The budget has to push for trade reforms if it wants to take full advantage of the Exim policy.
By Jayashree Jakhade

India is not only undergoing an overall economic change but there is a perceptive attitudinal change among the politicians at the centre particularly. Be it a hike in the diesel prices or opening up of the insurance sector, all such steps only corroborate one fact: there is a consensus that India needs to change.

Strong intent
This year the government is quite confident that it will achieve its disinvestment target. The process has begun with 74 per cent of the government's stake in Modern Foods getting transferred to Hindustan Levers and Indian Airlines is up for sale. How well will privatisation proceed is not the issue at present. But, the fact is that the government is willing to transfer 51 per cent of its stake to private hands. This clearly speaks of the government's future intentions.

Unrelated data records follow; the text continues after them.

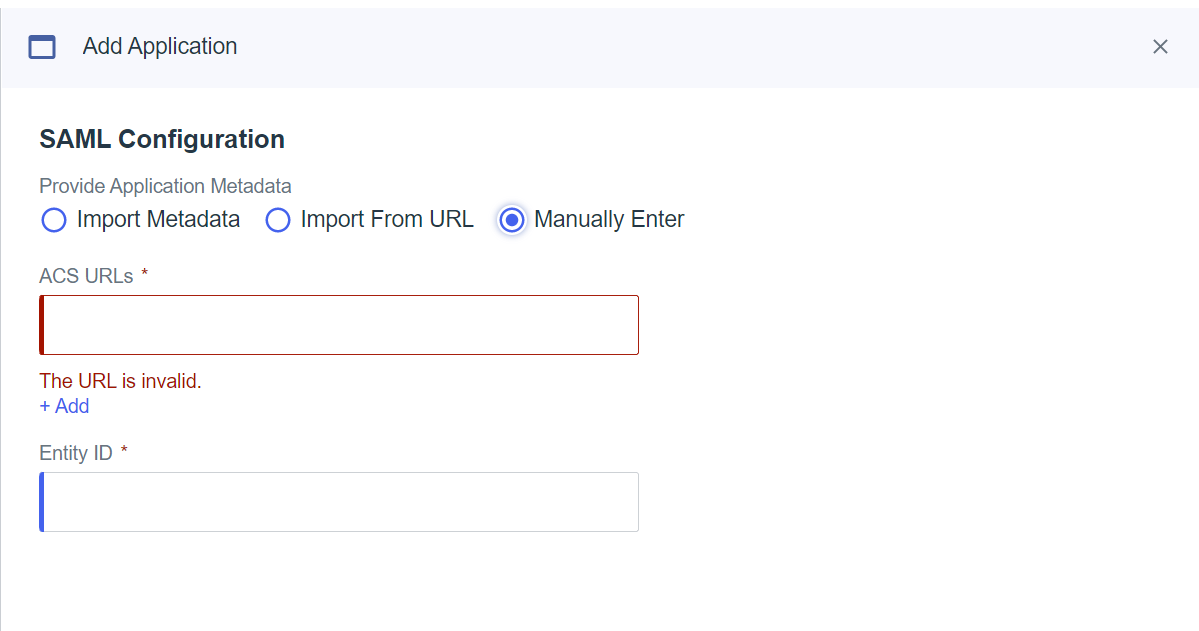 Set up SAML Configuration in Ping Identity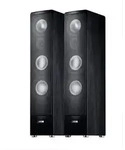 Canton Ergo 690 DC schwarz (Set von 2)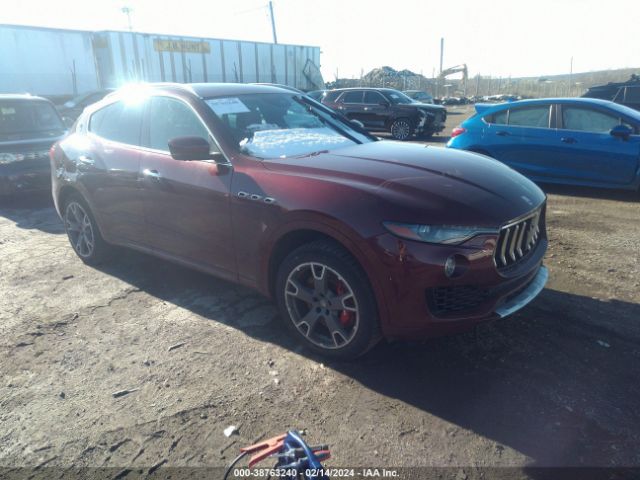 2017 MASERATI Levante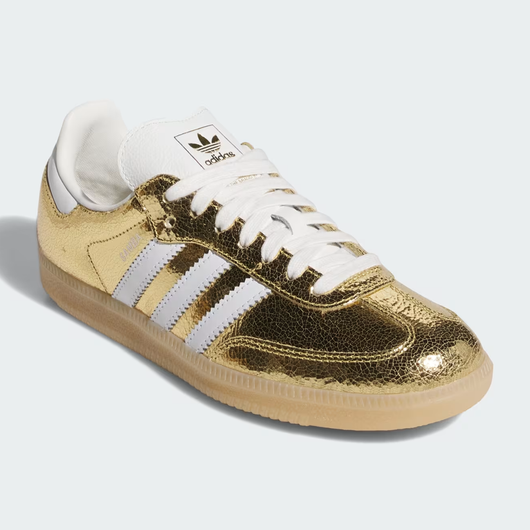 adidas Samba OG Metallic Cracked Leather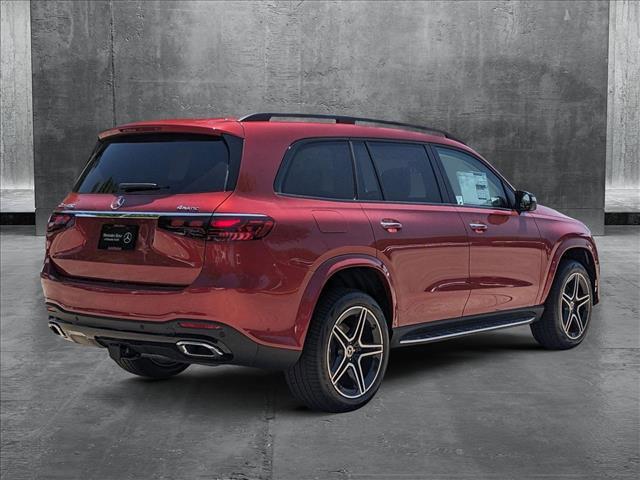 new 2025 Mercedes-Benz GLS 450 car, priced at $98,210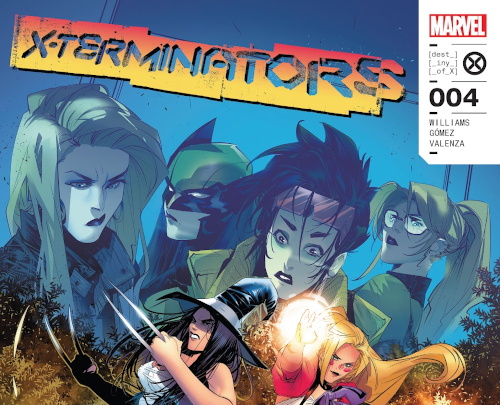 X-Terminators – Volume 02 Issue 04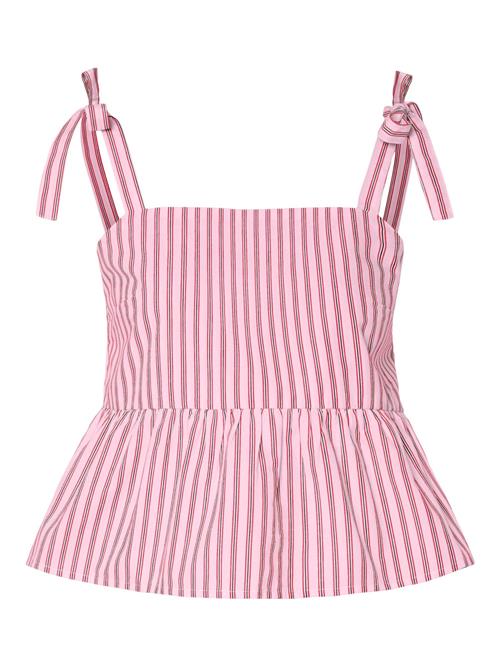 PIECES Overdel 'PCTaelyn'  pink / lyserød / sort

Today, India has opened up the gates for liberalisation but this year’s millennium budget has not done much on the international trade front. The Rao-Singh era saw the end of licencing which saw an unprecedented growth of 7.7 per cent during period between 1994-97. This year's budget too does not have any major trade liberalisation measures.

Licence Raj
As mentioned earlier, it was under the Narasimha Rao government that his finance minister Manmohan Singh initiated the reforms, which did away with licensing virtually on all capital and intermediate goods. Peak tariff rates stood at 400 per cent and approximately 60 per cent of the items were subject to tariff rates between 110 to 150 per cent. More than 96 per cent of the items were subject to peak tariffs of 60 per cent and above. This painted a very unhealthy picture for the Indian exports. Customs duty was then drastically cut in February 1994 and the highest rate came down to 65 per cent. A year later it was further bought down to 50 per cent. In the same year, tariffs on capital goods were also brought down to 25 per cent or less and those on intermediate inputs to 40 per cent or less.

Faded euphoria
Just when India was trying to break the rigid trade barriers, the then union finance minister P Chidambaram introduced the Special Customs Duty of two per cent in his budget of 1996-97 without any major tariff reductions. In the following budget, this tariff was further increased to five per cent . To offset the increase in protection, the tariff applicable to intermediate and capital goods was further reduced to 30 and 20 per cent respectively. Protection continued and the present finance minister Yashwant Sinha in Union Budget 1998-99 introduced yet another special additional duty (SAD) of as much as six per cent points for high tariff goods. This again broke the liberalisation trend. Once again, tariff rates have soared to above 50 per cent. As to whether India will be able to compete in the world markets with such high tariffs is the question being asked now.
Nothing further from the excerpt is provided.